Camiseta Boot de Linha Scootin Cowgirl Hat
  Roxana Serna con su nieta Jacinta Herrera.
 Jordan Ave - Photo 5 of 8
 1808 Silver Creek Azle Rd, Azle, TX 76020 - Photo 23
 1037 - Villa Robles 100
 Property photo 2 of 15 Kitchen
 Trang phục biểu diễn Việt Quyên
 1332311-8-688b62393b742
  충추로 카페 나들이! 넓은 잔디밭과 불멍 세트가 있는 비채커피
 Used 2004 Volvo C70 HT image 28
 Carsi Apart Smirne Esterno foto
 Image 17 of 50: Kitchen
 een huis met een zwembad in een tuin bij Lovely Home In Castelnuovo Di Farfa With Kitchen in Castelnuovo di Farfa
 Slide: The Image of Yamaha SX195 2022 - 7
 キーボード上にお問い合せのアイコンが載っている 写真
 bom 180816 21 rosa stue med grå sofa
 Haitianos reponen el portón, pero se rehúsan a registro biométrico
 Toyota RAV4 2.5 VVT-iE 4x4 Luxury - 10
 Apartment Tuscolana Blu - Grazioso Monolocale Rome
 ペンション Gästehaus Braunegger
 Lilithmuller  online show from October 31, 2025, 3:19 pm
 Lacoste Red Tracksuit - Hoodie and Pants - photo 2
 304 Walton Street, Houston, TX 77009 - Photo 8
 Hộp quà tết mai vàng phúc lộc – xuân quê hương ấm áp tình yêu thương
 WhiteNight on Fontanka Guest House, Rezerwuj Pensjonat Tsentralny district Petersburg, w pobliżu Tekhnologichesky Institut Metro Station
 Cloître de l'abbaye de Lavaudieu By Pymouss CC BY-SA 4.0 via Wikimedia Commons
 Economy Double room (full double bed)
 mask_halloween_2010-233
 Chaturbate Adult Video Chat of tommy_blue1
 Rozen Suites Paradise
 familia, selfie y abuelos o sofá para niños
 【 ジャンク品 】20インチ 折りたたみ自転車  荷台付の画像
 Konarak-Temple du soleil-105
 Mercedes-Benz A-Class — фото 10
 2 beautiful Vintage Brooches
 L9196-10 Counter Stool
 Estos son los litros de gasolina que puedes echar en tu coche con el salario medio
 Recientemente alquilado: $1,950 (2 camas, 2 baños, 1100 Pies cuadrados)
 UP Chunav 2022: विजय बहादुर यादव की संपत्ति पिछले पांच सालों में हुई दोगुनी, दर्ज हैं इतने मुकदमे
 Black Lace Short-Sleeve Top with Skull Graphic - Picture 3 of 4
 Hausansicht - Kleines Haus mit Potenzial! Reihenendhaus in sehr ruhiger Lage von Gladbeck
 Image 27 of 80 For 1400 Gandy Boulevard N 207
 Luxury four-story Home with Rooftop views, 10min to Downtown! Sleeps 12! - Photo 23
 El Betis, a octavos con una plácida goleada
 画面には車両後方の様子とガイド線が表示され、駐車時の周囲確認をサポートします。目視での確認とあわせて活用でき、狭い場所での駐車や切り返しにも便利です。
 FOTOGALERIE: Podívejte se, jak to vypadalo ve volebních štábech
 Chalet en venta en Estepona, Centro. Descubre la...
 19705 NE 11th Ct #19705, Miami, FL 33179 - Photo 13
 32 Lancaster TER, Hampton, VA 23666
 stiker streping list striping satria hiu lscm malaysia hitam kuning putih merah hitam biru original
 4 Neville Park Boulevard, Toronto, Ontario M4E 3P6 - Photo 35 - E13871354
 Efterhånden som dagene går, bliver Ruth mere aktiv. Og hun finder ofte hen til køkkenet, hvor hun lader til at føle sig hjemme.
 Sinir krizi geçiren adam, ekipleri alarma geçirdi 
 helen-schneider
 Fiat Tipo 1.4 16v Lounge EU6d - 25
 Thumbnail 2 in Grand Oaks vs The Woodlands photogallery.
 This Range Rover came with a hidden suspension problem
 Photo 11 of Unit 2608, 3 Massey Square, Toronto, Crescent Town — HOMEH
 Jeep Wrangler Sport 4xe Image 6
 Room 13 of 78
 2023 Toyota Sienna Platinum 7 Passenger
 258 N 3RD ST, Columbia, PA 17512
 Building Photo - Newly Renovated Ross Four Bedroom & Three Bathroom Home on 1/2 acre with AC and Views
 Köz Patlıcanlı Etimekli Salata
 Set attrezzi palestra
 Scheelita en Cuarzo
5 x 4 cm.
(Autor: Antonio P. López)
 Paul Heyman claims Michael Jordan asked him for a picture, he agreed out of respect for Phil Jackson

- _Task to complete_: With the line that has "Haitianos reponen el" as the first and the line that has "UP Chunav 2022: विजय" as the last, repeat exactly that run of lines above and no more.

- _Exercise answer_:
 Haitianos reponen el portón, pero se rehúsan a registro biométrico
 Toyota RAV4 2.5 VVT-iE 4x4 Luxury - 10
 Apartment Tuscolana Blu - Grazioso Monolocale Rome
 ペンション Gästehaus Braunegger
 Lilithmuller  online show from October 31, 2025, 3:19 pm
 Lacoste Red Tracksuit - Hoodie and Pants - photo 2
 304 Walton Street, Houston, TX 77009 - Photo 8
 Hộp quà tết mai vàng phúc lộc – xuân quê hương ấm áp tình yêu thương
 WhiteNight on Fontanka Guest House, Rezerwuj Pensjonat Tsentralny district Petersburg, w pobliżu Tekhnologichesky Institut Metro Station
 Cloître de l'abbaye de Lavaudieu By Pymouss CC BY-SA 4.0 via Wikimedia Commons
 Economy Double room (full double bed)
 mask_halloween_2010-233
 Chaturbate Adult Video Chat of tommy_blue1
 Rozen Suites Paradise
 familia, selfie y abuelos o sofá para niños
 【 ジャンク品 】20インチ 折りたたみ自転車  荷台付の画像
 Konarak-Temple du soleil-105
 Mercedes-Benz A-Class — фото 10
 2 beautiful Vintage Brooches
 L9196-10 Counter Stool
 Estos son los litros de gasolina que puedes echar en tu coche con el salario medio
 Recientemente alquilado: $1,950 (2 camas, 2 baños, 1100 Pies cuadrados)
 UP Chunav 2022: विजय बहादुर यादव की संपत्ति पिछले पांच सालों में हुई दोगुनी, दर्ज हैं इतने मुकदमे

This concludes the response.